The first sale part is where it gets more troubling. Effectively, the court wipes out first sale for digital goods, arguing that because (as above) each transfer is not really a “transfer” but a “copy,” first sale doesn’t apply. That is, first sale only applies to the initial “copy” “made under this title.” But, the court argues, because the sale involves making a new copy, it’s not covered by first sale.
In addition, the first sale doctrine does not protect ReDigi’s distribution of Capitol’s copyrighted works. This is because, as an unlawful reproduction, a digital music file sold on ReDigi is not “lawfully made under this title.” … Moreover, the statute protects only distribution by “the owner of a particular copy or phonorecord . . . of that copy or phonorecord.” Here, a ReDigi user owns the phonorecord that was created when she purchased and downloaded a song from iTunes to her hard disk. But to sell that song on ReDigi, she must produce a new phonorecord on the ReDigi server. Because it is therefore impossible for the user to sell her “particular” phonorecord on ReDigi, the first sale statute cannot provide a defense. Put another way, the first sale defense is limited to material items, like records, that the copyright owner put into the stream of commerce. Here, ReDigi is not distributing such material items; rather, it is distributing reproductions of the copyrighted code embedded in new material objects, namely, the ReDigi server in Arizona and its users’ hard drives. The first sale defense does not cover this any more than it covered the sale of cassette recordings of vinyl records in a bygone era.
That seems silly. Selling a legally purchased MP3 is absolutely nothing like selling a cassette recording of a vinyl record. When ReDigi points out that, under this interpretation, digital files have no first sale rights, the court hits back that this is not true. After all, it argues, you can still sell your hard drive with the original file on it. No, seriously. That’s the court’s response.

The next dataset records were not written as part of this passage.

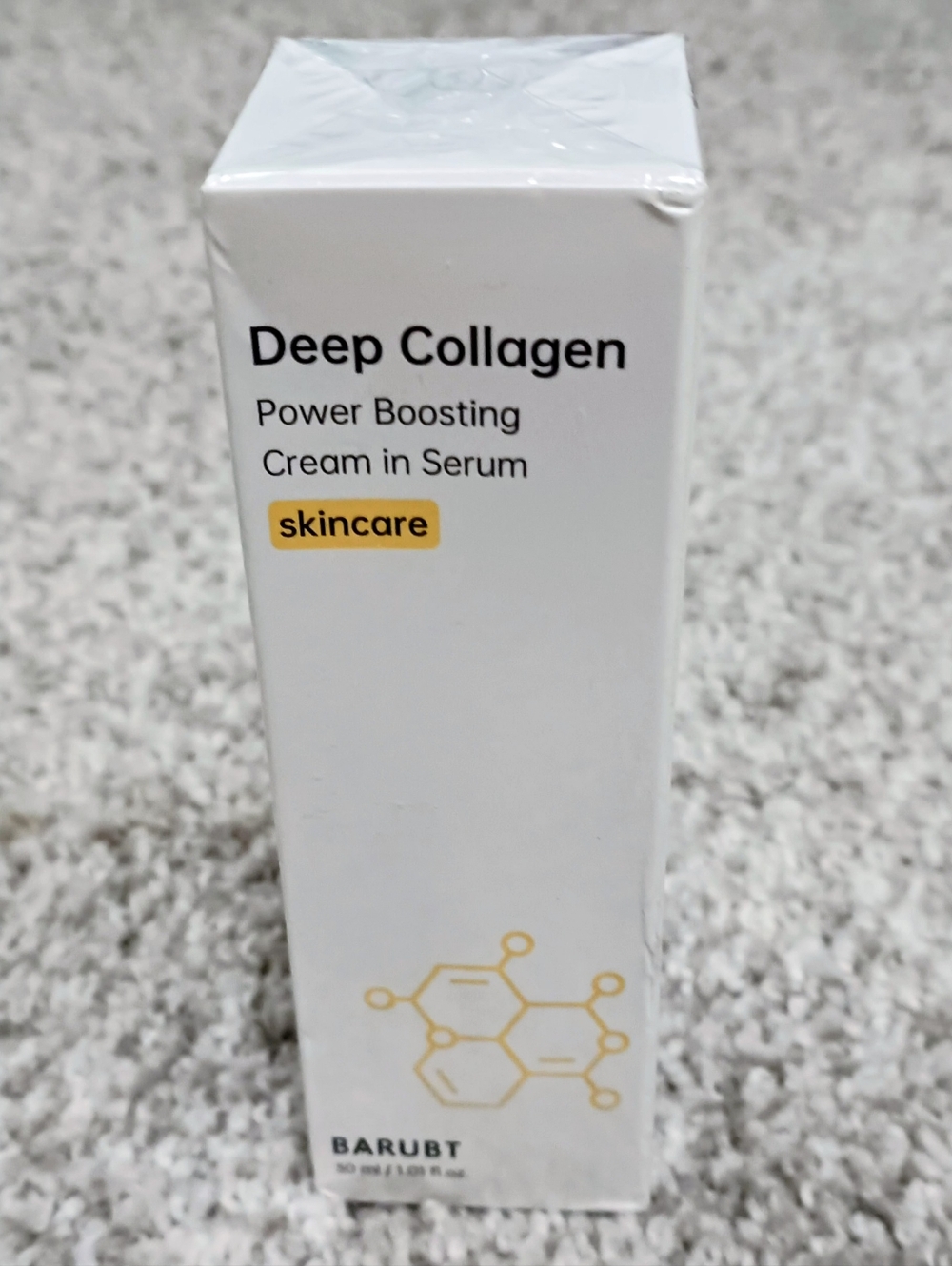 Deep Collagen Power Boosting Cream In A Serum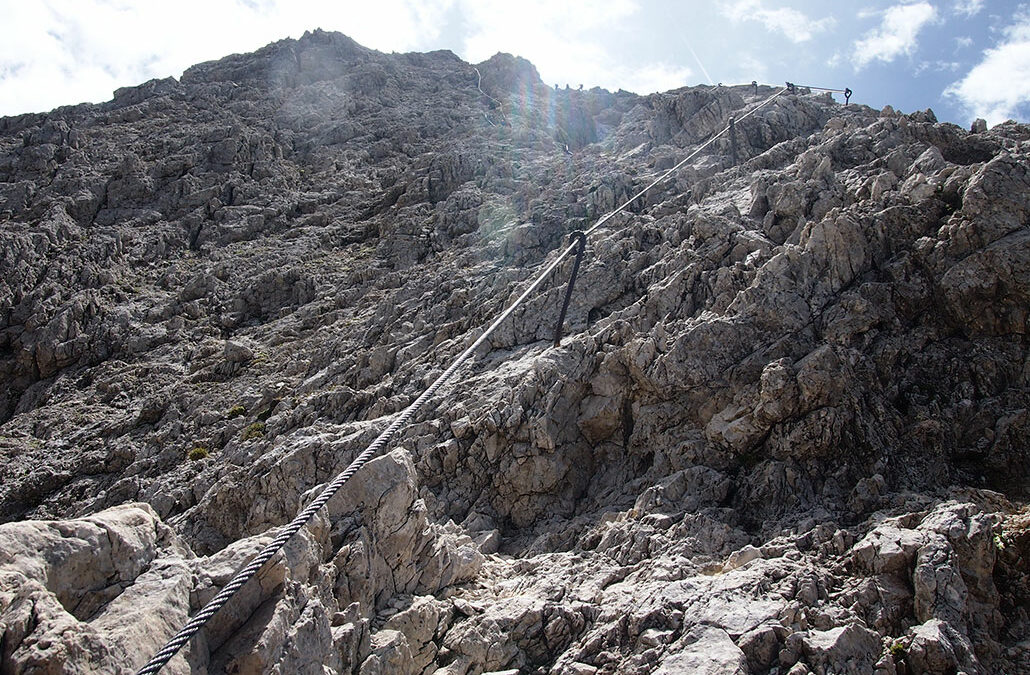 Masarè-Rotwand-Klettersteig
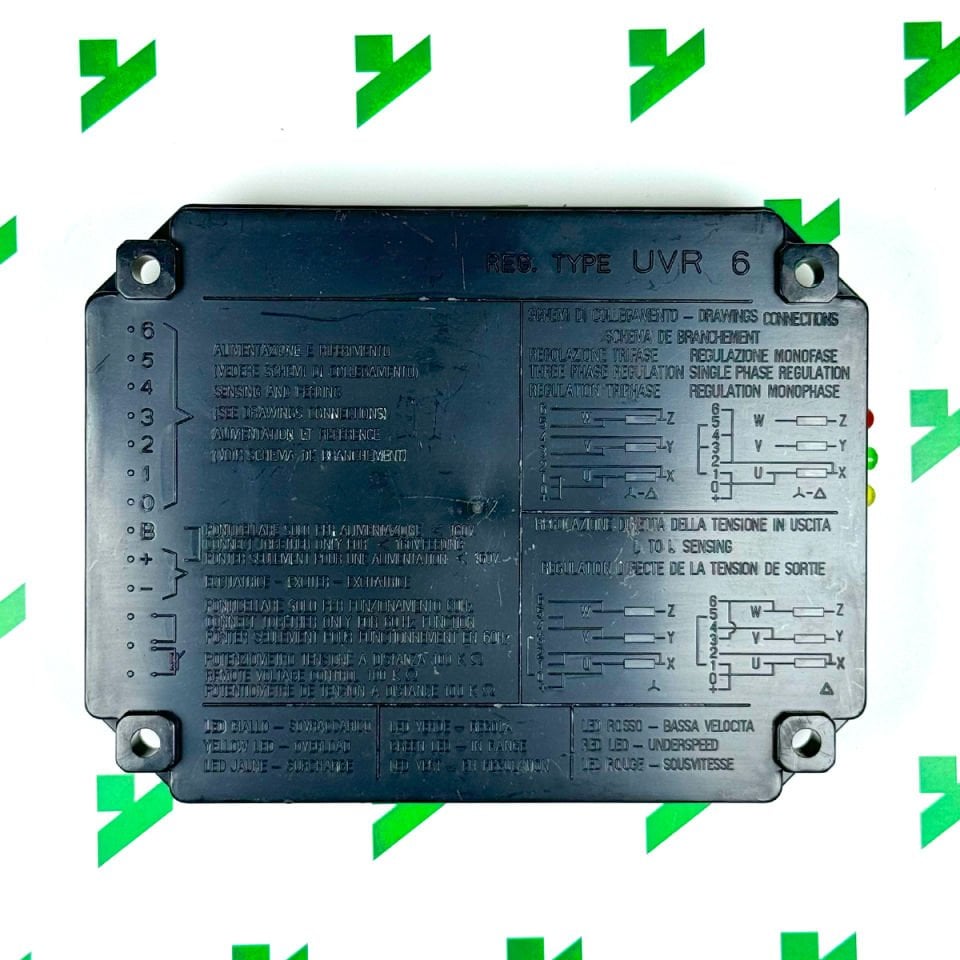 MECC ALTE UVR6 için AVR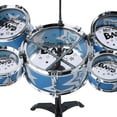 thumbnail image 3 of Herwey Simulation Jazz Drum Set Musical Instrument Toy for Infant Kid Early Educational Beginner Learning,Simulation Drum Set,Kid Musical Toy, 3 of 8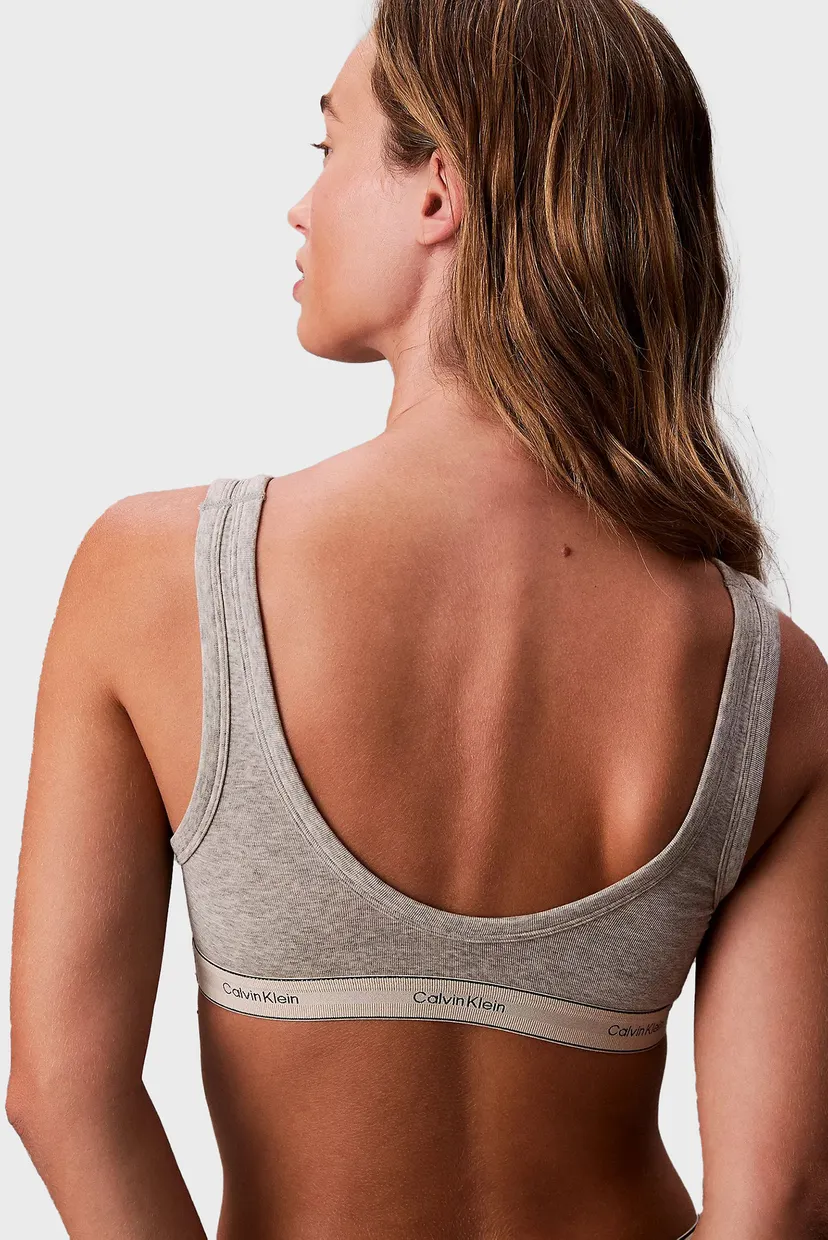Женский серый топ UNLINED BRALETTE 4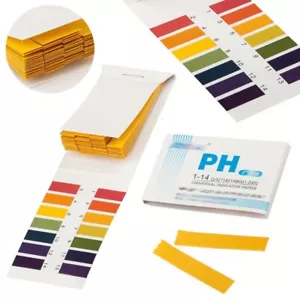 80 Ph Indikator Teststreifen 1-14 Papier Lackmus Tester Labor Urin & Speichel - Bild 1 von 6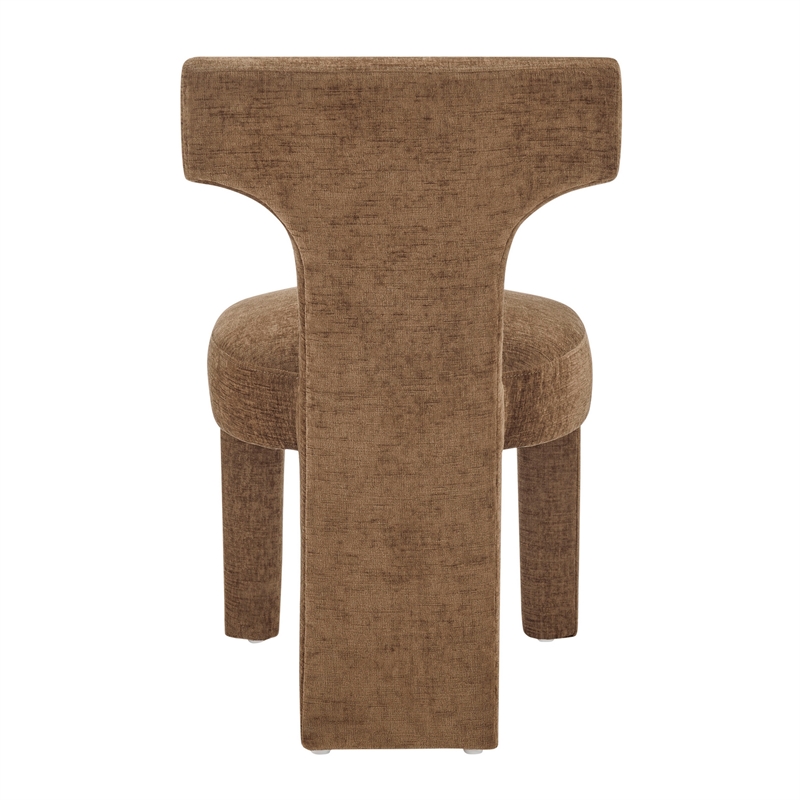 NPD Furniture - Arco Dining Side Chair - Millburry Brown Chenille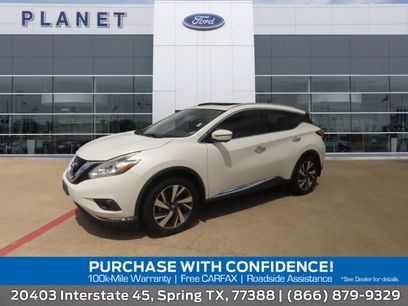 Used 2018 Nissan Murano Platinum w/ Cargo Package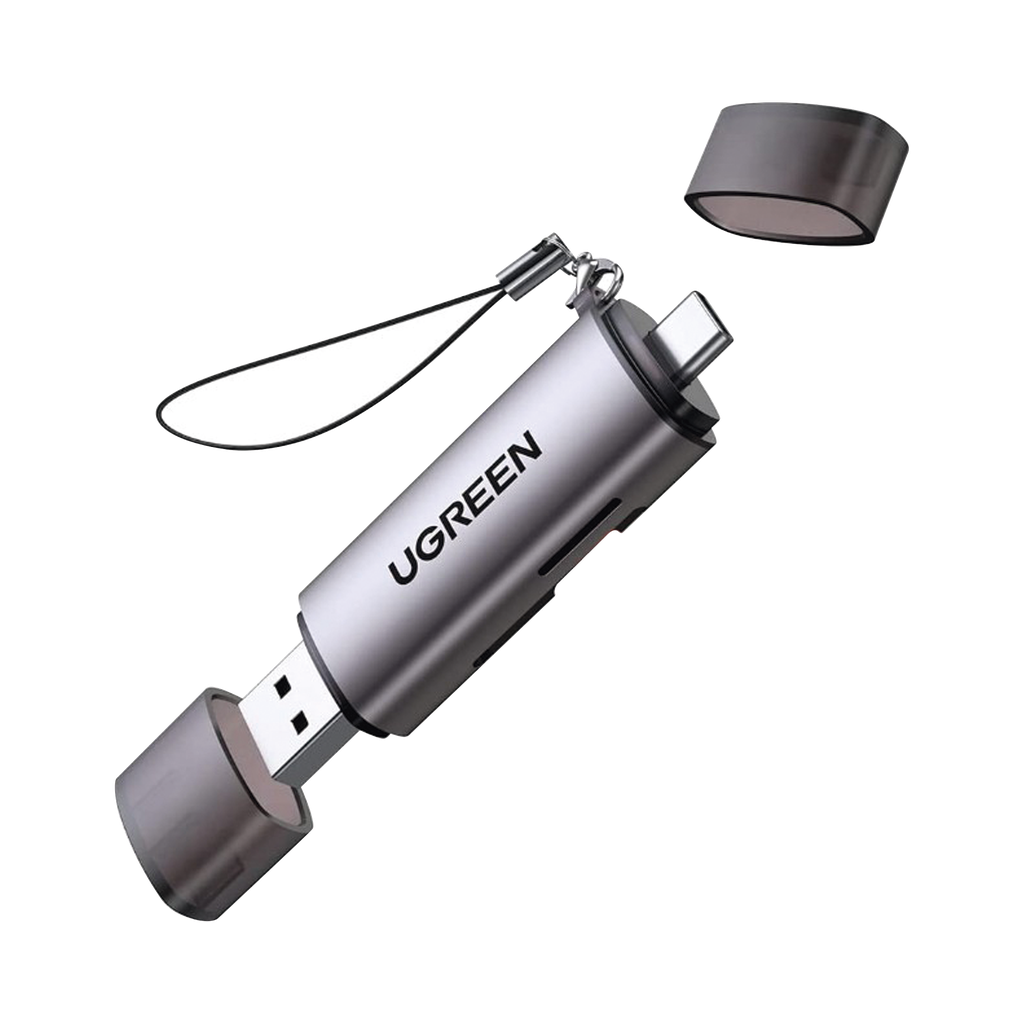 Lector de Tarjetas USB-C + USB-A a MicroSD (TF)/SD | OTG | U…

Section 109(a) still protects a lawful owner’s sale of her “particular” phonorecord, be it a computer hard disk, iPod, or other memory device onto which the file was originally downloaded. While this limitation clearly presents obstacles to resale that are different from, and perhaps even more onerous than, those involved in the resale of CDs and cassettes, the limitation is hardly absurd – the first sale doctrine was enacted in a world where the ease and speed of data transfer could not have been imagined.
The court argues that if such an interpretation is ridiculous (though it argues it is not) then it’s up to Congress to fix it.
With that out of the way, the court says that ReDigi is guilty of direct infringement, contributory infringement (“the court finally concludes that ReDigi’s service is not capable of substantial noninfringing uses“), and vicarious infringement. Basically, a triple play and ReDigi is completely out of the inning. While I’m still not convinced about the fair use argument, the court basically killing off first sale for digital goods is a pretty big problem, and hopefully higher courts (or, dare we dream, Congress?) will fix such an obviously nutty ruling.